GE isn't alone. In recent days, Alcoa Inc. and Wachovia Corp.'s results both came in below expectations, while UPS Inc. and J.C. Penney Co. revised their first-quarter outlooks down significantly.
It's possible that analysts' estimates may be way off for the first quarter, even though they've been revising them down for months. Back on Jan. 4, analysts were forecasting a year-over-year 4.7 percent gain in S&P 500 earnings. By Feb. 15, that turned negative, with a 1.4 percent decline expected. A month later, that was extended to a 7.8 percent fall and at the end of March, it tumbled to a 9.9 percent pullback, according to Citigroup.
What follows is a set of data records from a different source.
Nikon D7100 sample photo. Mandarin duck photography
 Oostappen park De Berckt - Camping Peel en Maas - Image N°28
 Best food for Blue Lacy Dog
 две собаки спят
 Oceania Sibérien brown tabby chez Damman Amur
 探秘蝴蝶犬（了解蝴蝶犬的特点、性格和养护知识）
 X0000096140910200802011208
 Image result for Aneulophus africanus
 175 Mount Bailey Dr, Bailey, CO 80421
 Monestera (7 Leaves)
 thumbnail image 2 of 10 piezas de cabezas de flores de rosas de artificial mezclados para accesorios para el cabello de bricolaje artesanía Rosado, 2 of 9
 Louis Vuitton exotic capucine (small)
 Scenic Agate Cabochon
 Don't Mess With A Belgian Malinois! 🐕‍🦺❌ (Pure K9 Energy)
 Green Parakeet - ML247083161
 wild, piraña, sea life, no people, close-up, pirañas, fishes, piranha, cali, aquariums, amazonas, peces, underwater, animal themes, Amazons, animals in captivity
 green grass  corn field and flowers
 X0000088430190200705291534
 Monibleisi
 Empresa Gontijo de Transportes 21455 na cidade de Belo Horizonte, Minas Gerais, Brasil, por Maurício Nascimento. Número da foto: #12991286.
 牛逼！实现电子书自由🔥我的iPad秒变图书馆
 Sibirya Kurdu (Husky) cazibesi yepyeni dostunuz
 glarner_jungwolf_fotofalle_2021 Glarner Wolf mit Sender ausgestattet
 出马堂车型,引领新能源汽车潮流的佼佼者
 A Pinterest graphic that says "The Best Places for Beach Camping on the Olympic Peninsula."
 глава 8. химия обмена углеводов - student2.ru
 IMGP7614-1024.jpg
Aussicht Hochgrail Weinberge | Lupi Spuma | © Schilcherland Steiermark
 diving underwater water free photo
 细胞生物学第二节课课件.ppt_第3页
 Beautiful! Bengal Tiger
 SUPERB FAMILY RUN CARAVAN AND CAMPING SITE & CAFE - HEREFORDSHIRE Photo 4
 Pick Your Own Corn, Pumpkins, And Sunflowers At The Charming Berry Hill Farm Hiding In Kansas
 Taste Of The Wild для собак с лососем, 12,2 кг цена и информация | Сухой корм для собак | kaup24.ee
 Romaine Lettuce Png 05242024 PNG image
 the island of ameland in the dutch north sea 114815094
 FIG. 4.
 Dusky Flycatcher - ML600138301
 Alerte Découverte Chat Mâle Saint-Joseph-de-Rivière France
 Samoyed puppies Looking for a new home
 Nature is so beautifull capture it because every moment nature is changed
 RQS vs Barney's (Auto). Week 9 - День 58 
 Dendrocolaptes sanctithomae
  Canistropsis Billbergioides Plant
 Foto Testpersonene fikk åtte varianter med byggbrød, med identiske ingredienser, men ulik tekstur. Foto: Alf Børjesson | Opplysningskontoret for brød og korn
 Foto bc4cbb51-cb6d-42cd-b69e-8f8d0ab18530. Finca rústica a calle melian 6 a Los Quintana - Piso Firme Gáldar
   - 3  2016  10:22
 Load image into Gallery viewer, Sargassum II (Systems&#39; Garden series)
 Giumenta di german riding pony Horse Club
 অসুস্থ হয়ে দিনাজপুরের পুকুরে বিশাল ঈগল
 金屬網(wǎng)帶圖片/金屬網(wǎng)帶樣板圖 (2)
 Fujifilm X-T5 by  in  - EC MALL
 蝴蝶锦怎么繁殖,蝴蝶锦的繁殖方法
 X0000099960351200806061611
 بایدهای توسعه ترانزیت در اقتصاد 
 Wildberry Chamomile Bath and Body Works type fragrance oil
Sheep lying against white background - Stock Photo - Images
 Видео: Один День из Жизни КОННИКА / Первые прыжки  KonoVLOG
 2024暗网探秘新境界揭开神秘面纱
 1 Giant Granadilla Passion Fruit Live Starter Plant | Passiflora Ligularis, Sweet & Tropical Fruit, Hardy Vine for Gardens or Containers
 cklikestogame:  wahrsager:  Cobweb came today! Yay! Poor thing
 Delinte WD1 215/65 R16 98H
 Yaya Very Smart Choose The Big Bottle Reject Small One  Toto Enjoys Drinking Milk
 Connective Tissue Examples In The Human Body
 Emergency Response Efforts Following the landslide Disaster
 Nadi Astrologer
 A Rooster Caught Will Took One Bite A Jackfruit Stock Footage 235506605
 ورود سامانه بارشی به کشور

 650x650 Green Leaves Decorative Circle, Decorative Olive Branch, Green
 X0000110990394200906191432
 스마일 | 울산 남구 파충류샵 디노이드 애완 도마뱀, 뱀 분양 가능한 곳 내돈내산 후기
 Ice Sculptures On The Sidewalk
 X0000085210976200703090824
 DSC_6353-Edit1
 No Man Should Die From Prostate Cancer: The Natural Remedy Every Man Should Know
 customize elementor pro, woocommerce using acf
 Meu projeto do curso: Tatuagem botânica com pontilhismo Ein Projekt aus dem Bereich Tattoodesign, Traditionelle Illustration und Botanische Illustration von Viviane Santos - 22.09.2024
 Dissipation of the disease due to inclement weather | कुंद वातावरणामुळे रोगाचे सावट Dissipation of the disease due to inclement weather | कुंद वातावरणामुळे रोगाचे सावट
The percentage of companies beating earnings estimates which Bespoke Investment Group says is a gauge of the market's health has been on the decline since the third quarter of last year. In the fourth quarter, about 60 percent of companies topped analysts' estimates, still well above the 50 percent level seen during the bear market of 2001 and 2002, according to Bespoke.
But that "beat" rate could drop if analysts' estimates stay high, despite no evidence that the economy has or will soon turn it course. Federal Reserve Chairman Ben Bernanke recently acknowledged for the first time that a recession was possible. Most economists believe growth contracted in the first three months of this year and will continue on that path due to the slump in housing and the pullback in consumer spending.